To do - Every line of the listing is returned unchanged, and every picture is dropped.

Provided material -
------------------------

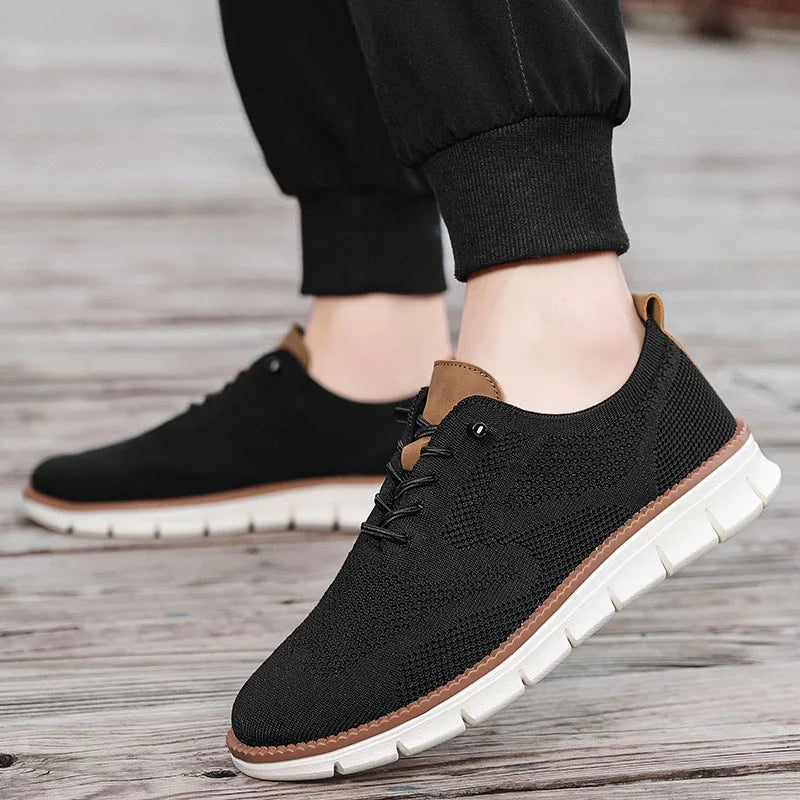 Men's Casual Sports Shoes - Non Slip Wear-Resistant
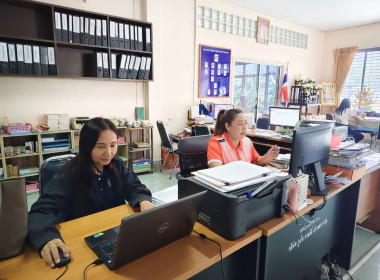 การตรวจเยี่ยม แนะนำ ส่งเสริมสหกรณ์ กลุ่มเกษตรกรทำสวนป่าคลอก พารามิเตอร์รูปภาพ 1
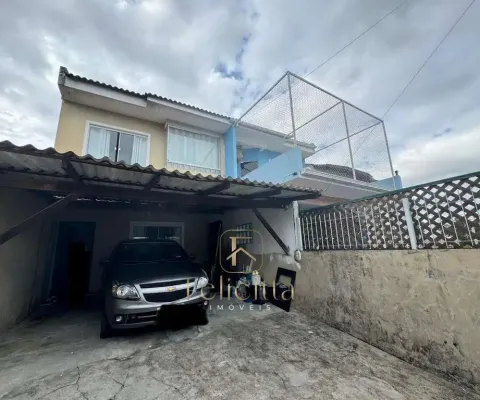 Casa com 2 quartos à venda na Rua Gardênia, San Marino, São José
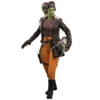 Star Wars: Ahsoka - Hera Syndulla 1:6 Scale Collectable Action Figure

------------------------

Exercise result -
 Men's Casual Sports Shoes - Non Slip Wear-Resistant
 การตรวจเยี่ยม แนะนำ ส่งเสริมสหกรณ์ กลุ่มเกษตรกรทำสวนป่าคลอก พารามิเตอร์รูปภาพ 1
 Casa com 2 quartos à venda na Rua Gardênia, San Marino, São José
 Star Wars: Ahsoka - Hera Syndulla 1:6 Scale Collectable Action Figure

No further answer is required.